Hi!
I was going through the code and found that the validate argument in the _non_dist_train function in mmdet/apis/train.py is not being used. I guess that needs to be incorporated in the function. Please let me know if that's the case.
Thanks!
You are right. It is currently not supported for non-distributed training to evaluate the mAP after training epochs.
Hi,
At my company we would be interested in this feature and we are willing to develop it.
Any reason why this has not been included? Any orientation in case we want to include it? Attaching the "DistEvalHook" in the same way it is done in distributed training doesn't work, that's the first thing we tried (yesterday).
We want to try a less naive approach today. Thanks
I use the distributed training but with a single machine to get validation.
./dist_train.sh config_file.py 1 --validate
Would that not be sufficient?
@ferranrigual, I worked it around by simply commenting out dist.barrier() in the DistEvalHook(Hook) class in mmdet/core/evaluation/eval_hooks.py. For a cleaner implementation, I would suggest adding single_gpu as a boolean argument in the __init__ function and then use it in the after_train_epoch function. I did that in the test.py file in the collect_results function. If anyone finds a better way, please let us know.
Hope that helps!
You are right. It is currently not supported for non-distributed training to evaluate the mAP after training epochs.
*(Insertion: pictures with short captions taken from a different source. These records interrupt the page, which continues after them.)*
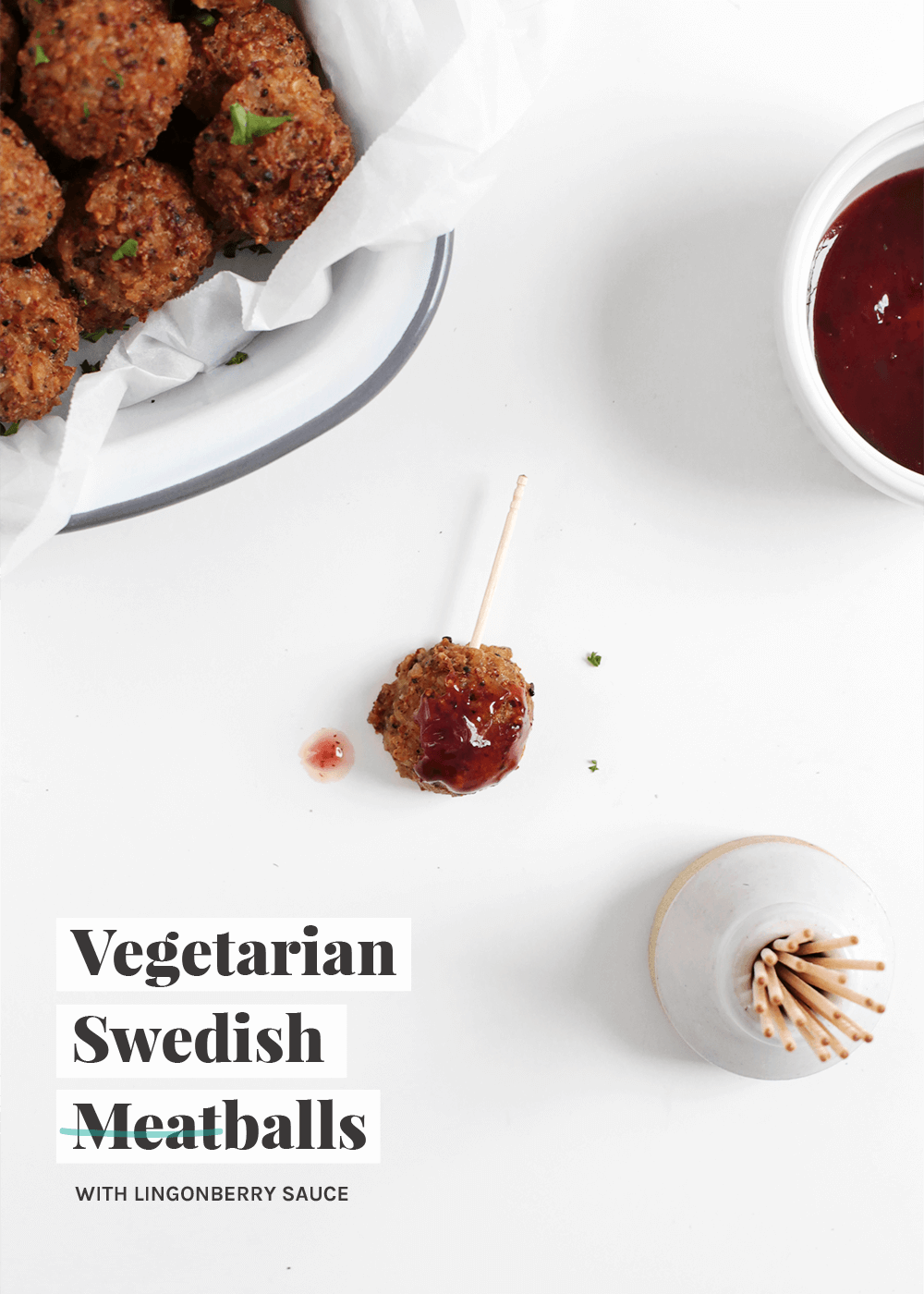Vegetarian Swedish Meatballs with a lingonberry sauce from The Fauxmartha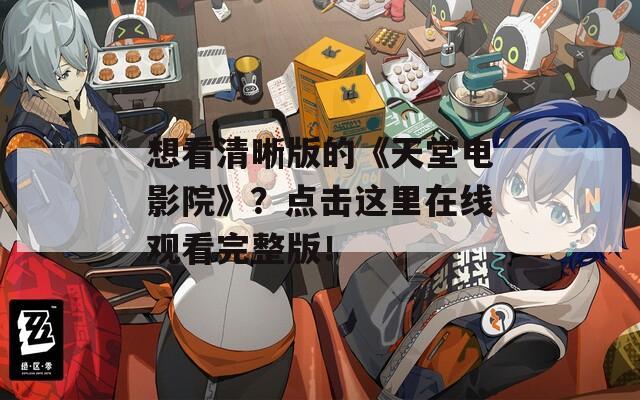 想看清晰版的《天堂电影院》？点击这里在线观看完整版！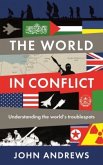 The World in Conflict The World in Conflict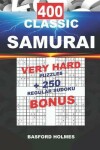 Book cover for 400 CLASSIC SAMURAI VERY HARD PUZZLES + 250 regular Sudoku BONUS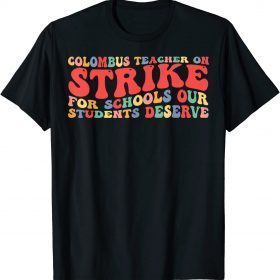 Groovy Columbus Ohio School Teachers Strike OH Teacher 2022 T-Shirt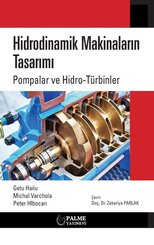 Hidrodinamik Makinaların Tasarımı: Pompalar ve Hidro Türbinler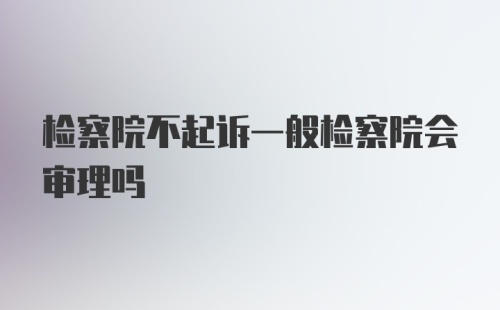 检察院不起诉一般检察院会审理吗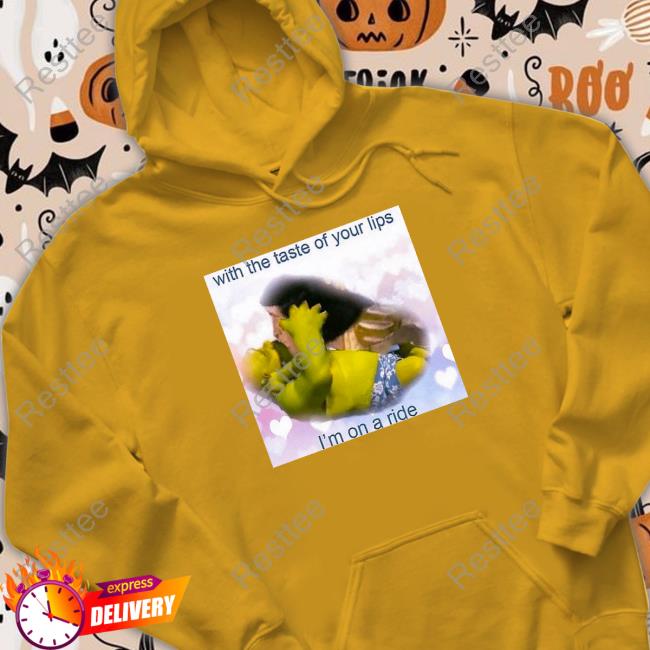 With The Taste Of Your Lips I'm On A Ride T Shirt Official With The Taste Of Your Lips I'm On A Ride Tee Shirt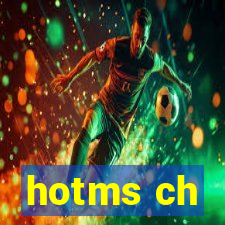 hotms ch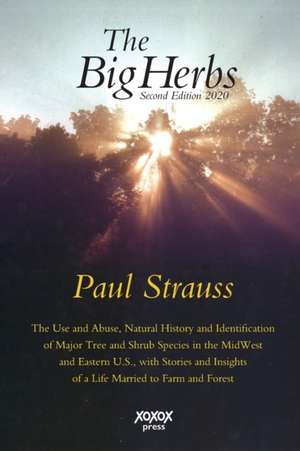 The Big Herbs de Paul Strauss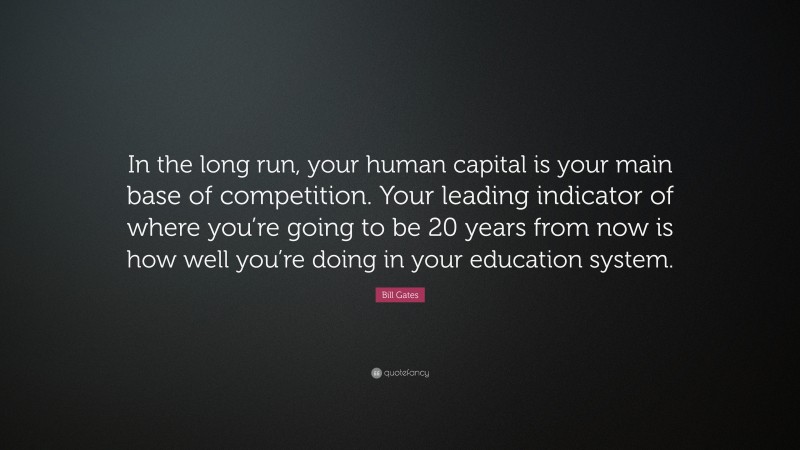 Bill Gates Quote: “In the long run, your human capital is your main base of competition. Your leading indicator of where you’re going to be 20 years from now is how well you’re doing in your education system.”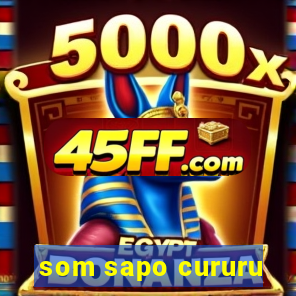 som sapo cururu
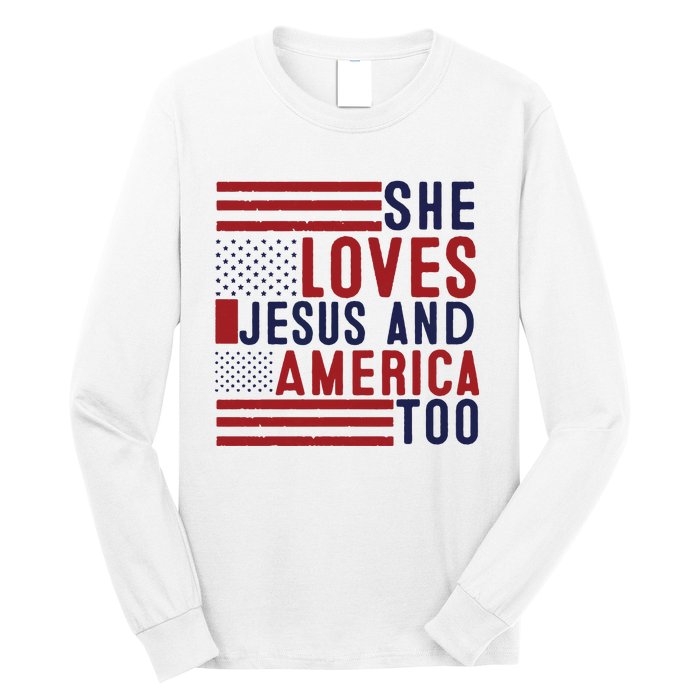 She Loves Jesus And America Too Long Sleeve Shirt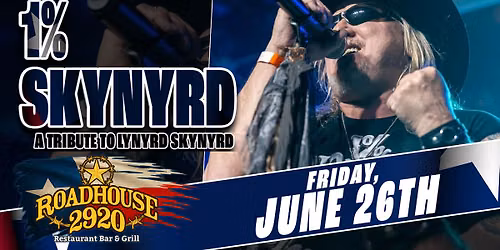 1% SKYNYRD - Tribute To Lynyrd Skynyrd at 2920 Roadhouse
Hey! I was wondering if I could contribute to the code by simply making a few tweaks to make the code work for distributed/nondistributed training with validation. Also, something similar to the tools/test.py file. Though I'm not sure whether that will be the best way, please let me know if I should go ahead and submit a pull request. Thanks!
Just in case it helps anyone.
In mmdet/core/evaluation/eval_hooks.py, not only did I comment the dist.barrier() lines, I also replaced:
result = runner.model(return_loss=False, rescale=True, **data_gpu)
with:
result = runner.model.module(return_loss=False, rescale=True, **data_gpu)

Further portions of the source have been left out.